Dataset excerpts:
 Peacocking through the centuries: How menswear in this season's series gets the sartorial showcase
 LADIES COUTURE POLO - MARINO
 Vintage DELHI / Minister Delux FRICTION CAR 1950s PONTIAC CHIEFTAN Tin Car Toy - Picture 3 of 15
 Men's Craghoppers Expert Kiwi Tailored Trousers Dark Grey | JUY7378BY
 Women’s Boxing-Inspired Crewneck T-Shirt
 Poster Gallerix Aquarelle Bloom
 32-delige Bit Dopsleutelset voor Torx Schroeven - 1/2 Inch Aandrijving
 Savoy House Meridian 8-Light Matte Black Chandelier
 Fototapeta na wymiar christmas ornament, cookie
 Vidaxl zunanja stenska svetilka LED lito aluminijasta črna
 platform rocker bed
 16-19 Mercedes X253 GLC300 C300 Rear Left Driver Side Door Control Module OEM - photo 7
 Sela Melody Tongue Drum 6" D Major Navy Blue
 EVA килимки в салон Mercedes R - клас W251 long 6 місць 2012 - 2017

• TASK: The entries above must be repeated word for word.

• OUTPUT:
 Peacocking through the centuries: How menswear in this season's series gets the sartorial showcase
 LADIES COUTURE POLO - MARINO
 Vintage DELHI / Minister Delux FRICTION CAR 1950s PONTIAC CHIEFTAN Tin Car Toy - Picture 3 of 15
 Men's Craghoppers Expert Kiwi Tailored Trousers Dark Grey | JUY7378BY
 Women’s Boxing-Inspired Crewneck T-Shirt
 Poster Gallerix Aquarelle Bloom
 32-delige Bit Dopsleutelset voor Torx Schroeven - 1/2 Inch Aandrijving
 Savoy House Meridian 8-Light Matte Black Chandelier
 Fototapeta na wymiar christmas ornament, cookie
 Vidaxl zunanja stenska svetilka LED lito aluminijasta črna
 platform rocker bed
 16-19 Mercedes X253 GLC300 C300 Rear Left Driver Side Door Control Module OEM - photo 7
 Sela Melody Tongue Drum 6" D Major Navy Blue
 EVA килимки в салон Mercedes R - клас W251 long 6 місць 2012 - 2017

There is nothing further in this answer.